Old faithful was a Braun Aroma Master that had been in service for about 15 years. It produced a perfect cup of brewed coffee with a wonderful aroma so good it usually roused my wife out of bed.

Its death concerned me in two ways: First of all, I had lost a cherished friend; and second, I was gonna have to find a different replacement because Braun no longer made coffee makers.

With nothing in the house to make coffee for the following morning, I made an emergency safari to Wal-Mart to see what they sold. The coffee makers there were arranged in order from least expensive to most.

Since my concern was more for perfect coffee than it was for saving money, I went to the high-priced end of the aisle. The most expensive there was a Bunn coffee maker that kept water heated and claimed to put out a pot of brewed coffee in three minutes. We have one of those at work. Nice coffee maker, but I didn't want to pay the electric bill for keeping 12 cups of water hot day and night.

The second-most expensive coffee maker really interested me at $79. It had all the features I thought would be perfect. In fact, at first glance, I thought I was "in love."

This coffee maker was really good-looking. It had a removable blue water chamber, which you could take to the sink and fill. It had a timer so you could have coffee ready for you when you got up in the morning. It had the controls right on the front with a nice big "ON" button. I thought its best feature was a stainless steel carafe that would keep coffee hot and fresh for two to three hours. Not to speak ill of the dead, my old faithful Braun had only one downside: It would always dribble coffee on the counter when you poured, no matter how careful you were. This coffee maker had a dribble-free pouring spout.

I bought it and took it home. I followed the directions to clean it and assemble it and make it my own.

I made coffee the next morning manually, not automatically. This coffee maker was quick. It put out a nine-cup pot in around six minutes. I poured my first cup of coffee and noticed there was something wrong with the smell: It smelled like chemicals or burnt plastic. And, the coffee was lukewarm, not hot. Every morning I perch my cinnamon-brown sugar pop-tart on the rim of my cup and let the coffee warm it up on both sides until it is just perfect. This coffee didn't have any warmth to share. I couldn't even finish a whole cup because of the burnt plastic smell and taste.

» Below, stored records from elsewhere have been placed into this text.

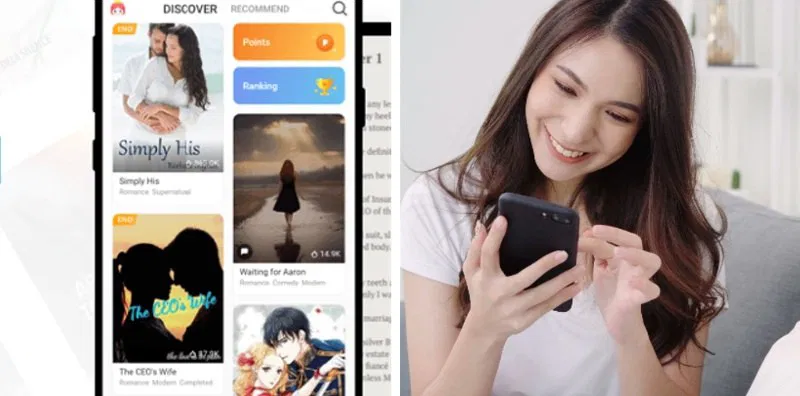 Baca Novel Romantis Gratis Tanpa Aplikasi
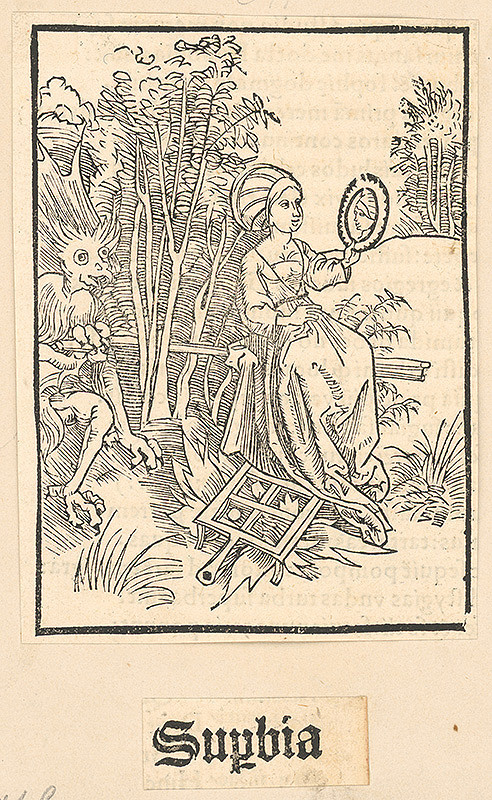 Stredoeurópsky grafik zo 16. storočia – Supbia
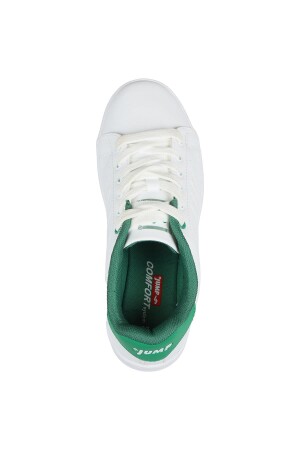 15306 Beyaz - Yeşil Kadın Sneaker Günlük Spor Ayakkabı - 7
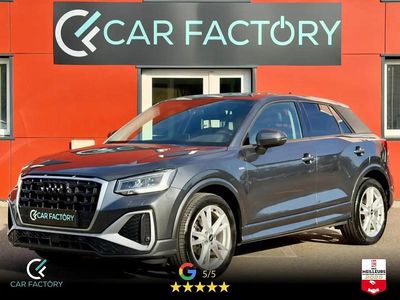 Gris Occasion 2021 Audi Q2 S-Line SUV | 27 980 € (Prix assez cher)
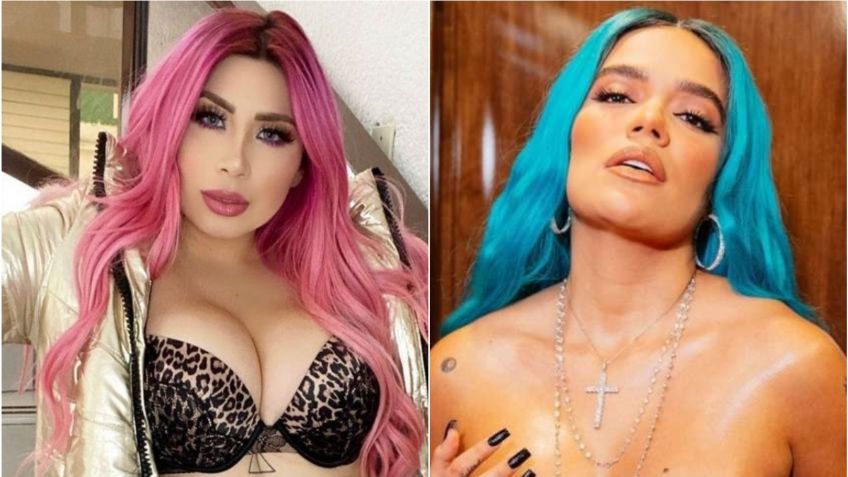 De espaldas, 'La Bebeshita' realiza coqueto baile en TikTok al ritmo de Karol G | VIDEO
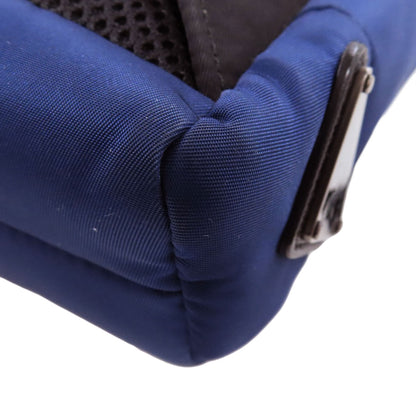 PRADA Logo Hardware body bag Nylon Ladies [Used]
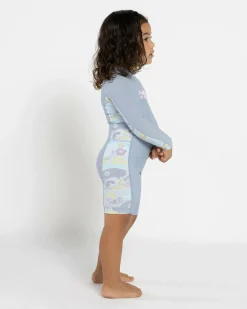 New Toddlers' Sunkissed Long Sleeve Surfsuit Kids Surf|Wetsuits & Surfsuits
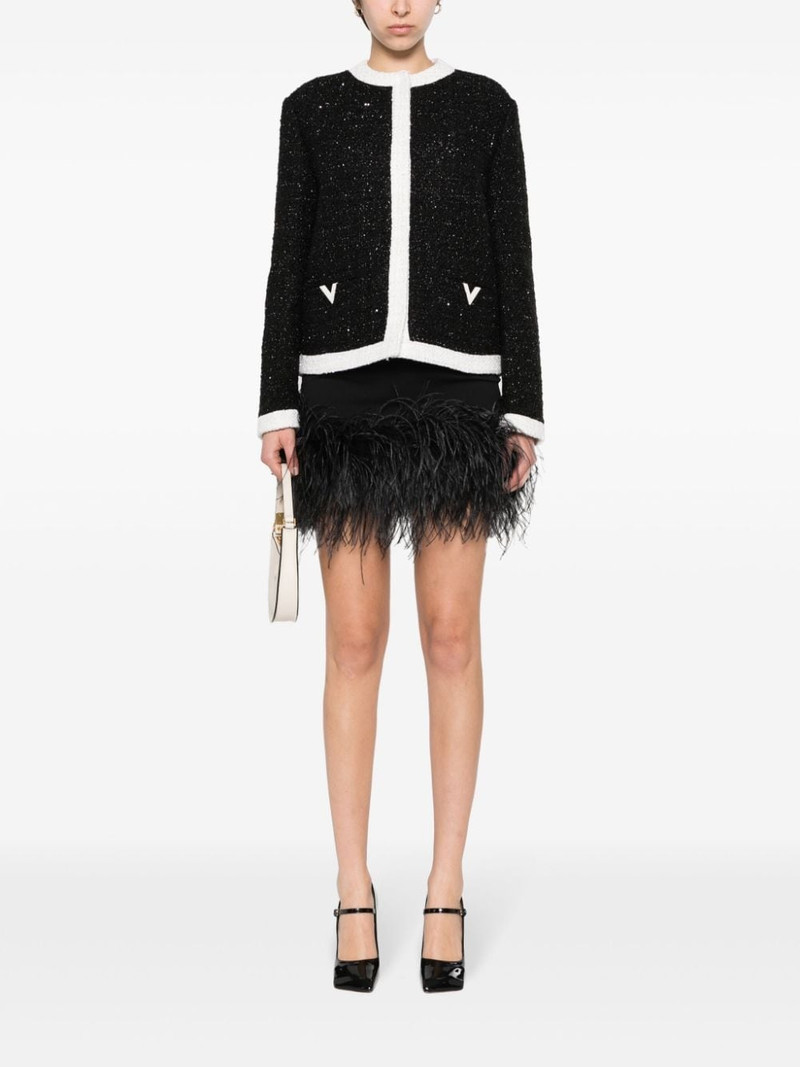 Valentino Glaze tweed jacket outlook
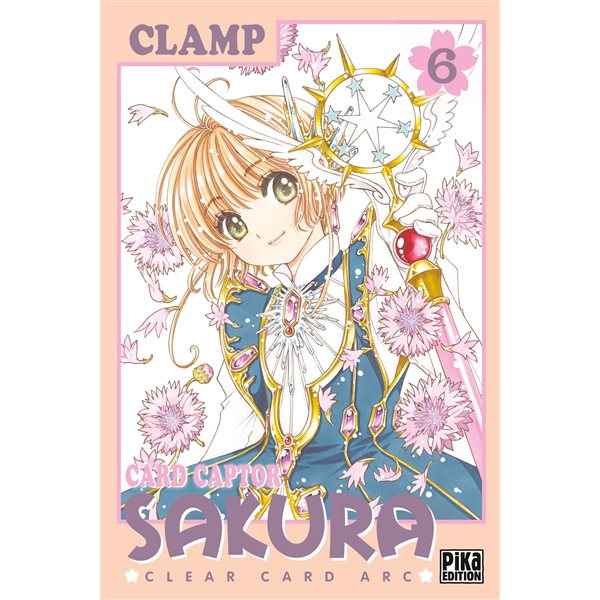 Card Captor Sakura : Clear Card Arc T.06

So, I poured out the first pot and started all over again, believing that perhaps it was a fluke. But the coffee again smelled and tasted like burnt plastic. And while reading the directions, I found that stainless steel carafes have to be pre-warmed with hot water before they are used. Without pre-warming, you get cool coffee in the carafe. Well, that shoots the idea of setting the timer and letting the coffee maker make the coffee before I get up in the morning.

Between the burnt plastic taste and the carafe that needed pre-warming, I realized the relationship was over. I returned the first purchase to Wal-Mart.

I went to a hardware store next and bought the cheapest coffee maker they had for about $23. When I took it home, cleaned it and prepped it for action, I found that the plastic pieces didn't quite fit together, and if you weren't careful, the part that held the grounds would fall off the coffee maker after the water started to saturate the grounds. You couldn't see through the plastic window to judge how much water you had poured in. And the coffee was terrible. I gave it two more tries and then took it back to the store.

I replaced it with a $32 coffee maker by one of those popular name brands. It was either Bausch & Lomb, Briggs & Stratton, or maybe it was Black & Decker. It wasn't fancy, but it made a palatable cup of coffee that lacked depth and certainly lacked aroma.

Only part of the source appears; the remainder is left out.